# festplatte & CD funzen nicht



## Johannes Postler (13. Dezember 2002)

hi leute

hab n kleines problem. hab aus meinem alten computer alles rausgeschmissen was ich für den neuen zweck als öffentliche surfstation nicht notwendig ist. -> prozessor, graka, ram, festplatte, cd
er findet aber im BIOS weder festplatte noch cd. strom hab ich, festplatte funktionert(in anderem computer getestet). was soll ich machen. OS hab ich noch keins , soll ja auf die festplatte...
ärger mich seit heute mittag

*wahnsinnigwerd*

tirolausserfern


----------



## fasty (14. Dezember 2002)

was isses den für nen board ???
und was für kabel benutzt du um die platte und das cd-rom anzuschliessen ???

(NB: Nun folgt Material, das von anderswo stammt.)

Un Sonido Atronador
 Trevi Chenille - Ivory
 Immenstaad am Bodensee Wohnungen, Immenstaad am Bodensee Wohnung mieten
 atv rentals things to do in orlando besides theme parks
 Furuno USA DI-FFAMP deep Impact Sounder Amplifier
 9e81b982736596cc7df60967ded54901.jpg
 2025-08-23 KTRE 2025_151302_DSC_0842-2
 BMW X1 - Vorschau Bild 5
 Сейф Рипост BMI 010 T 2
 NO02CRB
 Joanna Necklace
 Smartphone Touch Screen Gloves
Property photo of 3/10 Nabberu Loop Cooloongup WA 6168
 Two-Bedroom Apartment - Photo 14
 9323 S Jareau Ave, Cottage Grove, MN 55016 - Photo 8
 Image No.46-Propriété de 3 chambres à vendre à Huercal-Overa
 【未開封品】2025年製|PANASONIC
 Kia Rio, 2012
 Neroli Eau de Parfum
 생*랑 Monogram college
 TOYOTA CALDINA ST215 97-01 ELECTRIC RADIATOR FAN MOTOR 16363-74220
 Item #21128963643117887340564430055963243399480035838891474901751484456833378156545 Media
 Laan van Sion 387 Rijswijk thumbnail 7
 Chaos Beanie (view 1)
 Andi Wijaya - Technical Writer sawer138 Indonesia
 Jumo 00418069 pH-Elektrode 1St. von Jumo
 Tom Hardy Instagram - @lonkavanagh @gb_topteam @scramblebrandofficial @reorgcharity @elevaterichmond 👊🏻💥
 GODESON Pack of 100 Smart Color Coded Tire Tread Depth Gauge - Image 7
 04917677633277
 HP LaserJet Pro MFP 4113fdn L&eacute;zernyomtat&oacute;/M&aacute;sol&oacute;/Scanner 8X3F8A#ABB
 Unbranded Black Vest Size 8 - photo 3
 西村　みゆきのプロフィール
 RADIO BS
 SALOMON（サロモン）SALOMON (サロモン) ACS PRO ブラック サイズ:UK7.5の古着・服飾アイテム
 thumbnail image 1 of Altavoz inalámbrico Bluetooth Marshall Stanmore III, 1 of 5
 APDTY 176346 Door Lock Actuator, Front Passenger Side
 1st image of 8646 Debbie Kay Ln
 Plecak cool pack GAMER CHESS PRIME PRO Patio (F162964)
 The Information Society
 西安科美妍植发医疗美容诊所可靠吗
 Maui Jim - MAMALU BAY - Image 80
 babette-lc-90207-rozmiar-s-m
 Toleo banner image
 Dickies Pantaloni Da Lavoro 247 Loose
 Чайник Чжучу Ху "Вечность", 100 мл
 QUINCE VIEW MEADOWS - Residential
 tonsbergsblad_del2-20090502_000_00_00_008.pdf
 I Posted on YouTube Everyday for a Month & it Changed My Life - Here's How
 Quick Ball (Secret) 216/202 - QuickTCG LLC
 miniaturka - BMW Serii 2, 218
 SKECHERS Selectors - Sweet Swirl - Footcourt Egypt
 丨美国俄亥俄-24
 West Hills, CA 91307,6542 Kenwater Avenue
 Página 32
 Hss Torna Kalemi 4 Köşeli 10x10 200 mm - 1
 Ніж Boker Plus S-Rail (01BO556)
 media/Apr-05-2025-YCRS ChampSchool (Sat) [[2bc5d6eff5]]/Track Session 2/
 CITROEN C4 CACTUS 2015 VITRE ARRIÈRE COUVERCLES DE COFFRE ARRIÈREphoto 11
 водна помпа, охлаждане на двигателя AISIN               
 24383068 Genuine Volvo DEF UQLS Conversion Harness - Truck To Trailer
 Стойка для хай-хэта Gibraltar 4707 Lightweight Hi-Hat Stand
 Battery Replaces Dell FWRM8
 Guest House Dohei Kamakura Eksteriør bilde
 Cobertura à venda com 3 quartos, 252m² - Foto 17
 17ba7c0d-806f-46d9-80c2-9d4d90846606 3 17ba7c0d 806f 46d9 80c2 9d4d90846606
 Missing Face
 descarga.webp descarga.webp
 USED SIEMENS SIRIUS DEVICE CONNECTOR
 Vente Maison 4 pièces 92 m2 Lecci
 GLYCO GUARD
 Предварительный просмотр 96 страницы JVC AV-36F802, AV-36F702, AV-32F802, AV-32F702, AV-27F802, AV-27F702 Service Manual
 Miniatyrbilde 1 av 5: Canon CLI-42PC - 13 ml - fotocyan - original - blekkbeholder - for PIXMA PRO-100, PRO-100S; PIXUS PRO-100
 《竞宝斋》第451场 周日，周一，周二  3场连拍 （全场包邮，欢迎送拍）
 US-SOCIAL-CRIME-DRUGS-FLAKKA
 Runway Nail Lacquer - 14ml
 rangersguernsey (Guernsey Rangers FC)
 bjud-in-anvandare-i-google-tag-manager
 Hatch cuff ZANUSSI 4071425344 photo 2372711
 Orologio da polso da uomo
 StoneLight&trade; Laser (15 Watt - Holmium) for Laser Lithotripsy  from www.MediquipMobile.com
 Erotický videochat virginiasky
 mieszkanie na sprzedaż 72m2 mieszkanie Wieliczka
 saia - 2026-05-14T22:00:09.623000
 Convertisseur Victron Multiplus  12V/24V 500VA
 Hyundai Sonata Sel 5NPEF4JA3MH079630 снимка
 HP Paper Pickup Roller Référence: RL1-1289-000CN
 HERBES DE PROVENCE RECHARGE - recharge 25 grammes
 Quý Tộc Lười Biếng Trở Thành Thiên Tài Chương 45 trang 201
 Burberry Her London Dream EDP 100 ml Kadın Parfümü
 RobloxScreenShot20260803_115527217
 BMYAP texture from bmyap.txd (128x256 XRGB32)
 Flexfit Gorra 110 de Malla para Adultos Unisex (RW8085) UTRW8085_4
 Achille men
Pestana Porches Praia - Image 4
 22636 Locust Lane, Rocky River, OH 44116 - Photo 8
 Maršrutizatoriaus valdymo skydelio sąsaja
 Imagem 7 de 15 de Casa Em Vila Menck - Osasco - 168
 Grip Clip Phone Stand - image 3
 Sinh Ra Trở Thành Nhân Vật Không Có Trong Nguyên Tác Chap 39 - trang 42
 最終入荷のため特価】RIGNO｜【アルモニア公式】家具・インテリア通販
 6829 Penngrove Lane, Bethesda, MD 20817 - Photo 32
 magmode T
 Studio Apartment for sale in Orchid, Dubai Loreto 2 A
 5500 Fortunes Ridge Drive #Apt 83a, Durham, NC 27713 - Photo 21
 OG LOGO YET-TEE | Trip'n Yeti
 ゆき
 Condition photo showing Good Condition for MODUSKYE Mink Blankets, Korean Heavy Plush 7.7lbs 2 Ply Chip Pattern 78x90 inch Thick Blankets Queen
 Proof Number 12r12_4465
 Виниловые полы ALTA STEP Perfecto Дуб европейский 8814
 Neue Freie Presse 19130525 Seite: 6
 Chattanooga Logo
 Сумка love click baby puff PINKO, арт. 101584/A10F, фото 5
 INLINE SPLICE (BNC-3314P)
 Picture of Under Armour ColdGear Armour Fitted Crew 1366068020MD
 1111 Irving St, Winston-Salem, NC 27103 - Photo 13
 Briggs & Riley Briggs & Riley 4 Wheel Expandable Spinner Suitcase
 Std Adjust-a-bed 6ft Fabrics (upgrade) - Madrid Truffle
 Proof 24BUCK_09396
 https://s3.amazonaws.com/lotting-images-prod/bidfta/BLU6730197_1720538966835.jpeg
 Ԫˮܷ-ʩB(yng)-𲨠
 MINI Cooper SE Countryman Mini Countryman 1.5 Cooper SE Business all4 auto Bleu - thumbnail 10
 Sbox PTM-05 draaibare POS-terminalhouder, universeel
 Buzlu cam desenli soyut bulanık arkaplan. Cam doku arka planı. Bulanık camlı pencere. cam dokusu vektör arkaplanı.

hatte nen ähnliches problem mit dem msi kt3 ultra 2:

hatte die festplatte an IDE1 mit nem UDMA kabel angeschlossen und das cd-rom an IDE2 mit nem normalen IDE kabel und das bios hatte sich auch geweigert beides zu erkennen. jetzt haben beide nen UDMA kabel und es gibt keine probleme mehr ...


----------



## Johannes Postler (14. Dezember 2002)

danke, werd morgen mal schauen, hab heute keine zeit mehr

tirolausserfern


----------



## znysk (15. Dezember 2002)

wenn beide an einem EIDE Kabel hängen, soltest du die HDD auf master und das CD-Rom auf Slave schalten. Die könnten beide auf master stehen, wenn die im alten an zwei EIDE Kabeln hingen.(is bei 2 Geräten sowieso effektiver: schnellerer Datentransfer da sie sich nicht gegenseitig an einem Kabel behindern ;-) )


----------



## Johannes Postler (20. Dezember 2002)

hi leute

das motherboard war im ar***. hab jetzt ein neues(altes) rein und jetzt passt alles.


----------